Uma reportagem do New York Times salienta que nos livros escolares a estima póstuma teve um declínio acentuado e, apenas para ficar com presidentes posteriores, no ranking popular de grandeza, Kennedy está abaixo de Ronald Reagan e Bill Clinton (ironicamente, reverenciado por ambos).

Houve a grandeza na crise dos mísseis em Cuba, em 1962. Na ocasião, Kennedy foi cool.  Forçado a agir, ele evitou extremos incompatíveis como um ataque militar ou a inação. Kennedy impôs um bloqueio da ilha castrista, aliada de Moscou, manteve ao largo uma resposta militar e acertou uma acordo com Nikita Khrushchev para a retirada dos mísseis soviéticos de Cuba (e mais discretamente de americanos da Turquia).

Kennedy resolveu a crise sem o inimaginável de um conflito nuclear e sem se curvar à chantagem nuclear.  Ele também mostrou pulso para retomar dos militares o controle civil na decisão sobre quando recorrer à cartada nuclear no teatro de operações. Detratores dizem que o acordo de 1962 levou ao aumento do arsenal soviético, mas, como lembra o historiador britânico Simon Schama, que tal o consolo de um mundo que não voltou a estar tão perto do apocalipse?

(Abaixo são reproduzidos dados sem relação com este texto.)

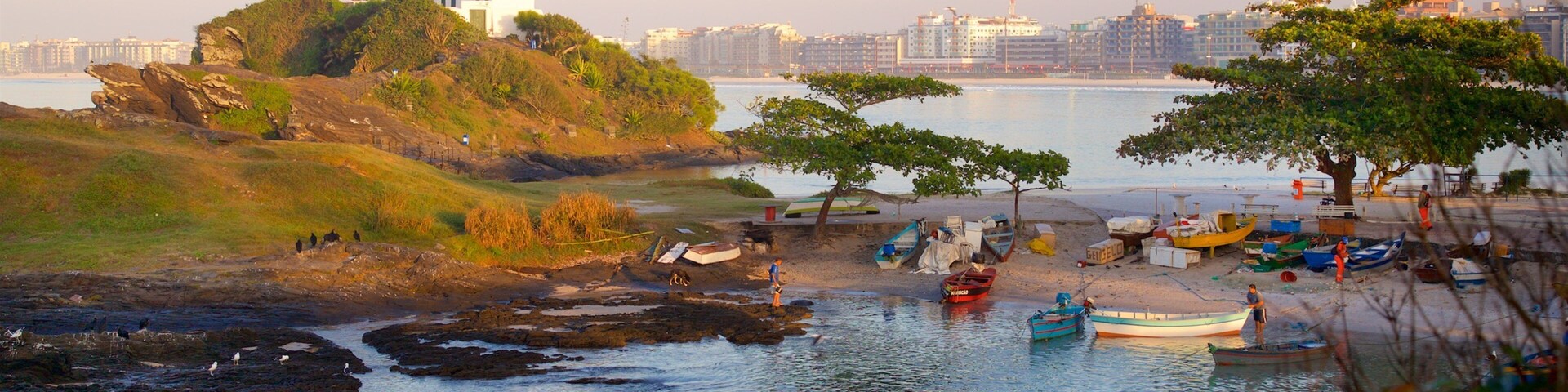 Sao Mateus Fort which includes general coastal views, a sunset and a coastal town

Em geral, Kennedy não era estadista, mas um mero político. E para a tietagem liberal, é difícil admitir a dimensão conservadora do trigésimo-quinto presidente. De forma sucinta, o cientista político Larry Sabato desmonta o mito liberal. Kennedy é associado aos direitos civis e causas progressistas devido a seus irmãos Bob e Ted (que se tornaram mais progressistas depois da tragédia de Dallas).

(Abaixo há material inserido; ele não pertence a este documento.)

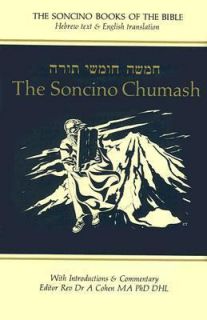 The Soncino Chumash The Five Books of Moses with Haphtaroth 1993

Martin Luther King reclamava da reticência do presidente enquanto adeptos da desobediência civil no sul do país eram vítimas do terrorismo racista. Eleito no sufoco e com roubo de votos em 1960, Kennedy precisava se precaver para garantir o voto sulista branco (que ainda era democrata e não republicano) com vistas às eleições de 1964.

Foi preciso o chefe da polícia de Birmingham, no Alabama, literalmente soltar os cachorros para Kennedy começar falar com mais vigor. Mas, as medidas históricas ficaram a cargo do sucessor Lyndon Johnson, também muito mais consequente nas reformas sociais. Johnson foi o grande sucessor de Franklin Roosevelt na engenharia do moderno Welfare State americano.

Na verdade, JFK era, na expressão de Sabato, “um cauteloso e conservador executivo-chefe”, cuidadoso com gastos e o déficit fiscal. Ele patrocinou um corte de impostos que serviu de modelo para Reagan nos anos 80. Seu secretário do Tesouro era Douglas Dillon, banqueiro republicano de Wall Street. Isto, porém, não impediu que ele agisse contra práticas injustas da indústria siderúrgica.

Mesma coisa na geopolítica. Kennedy era o establishment na Guerra Fria, convictamente anticomunista e disposto a enfrentar a ameaça soviética, mas sem loucuras, como no caso da crise dos mísseis em Cuba. Há muita especulação de que com a reeleição em 1964, Kennedy iria se desengajar do Vietnã. Não sabemos, mas não dá para acreditar que com ele haveria a escalada empreendida por Johnson, que despachou 535 mil soldados para o sudeste asiático.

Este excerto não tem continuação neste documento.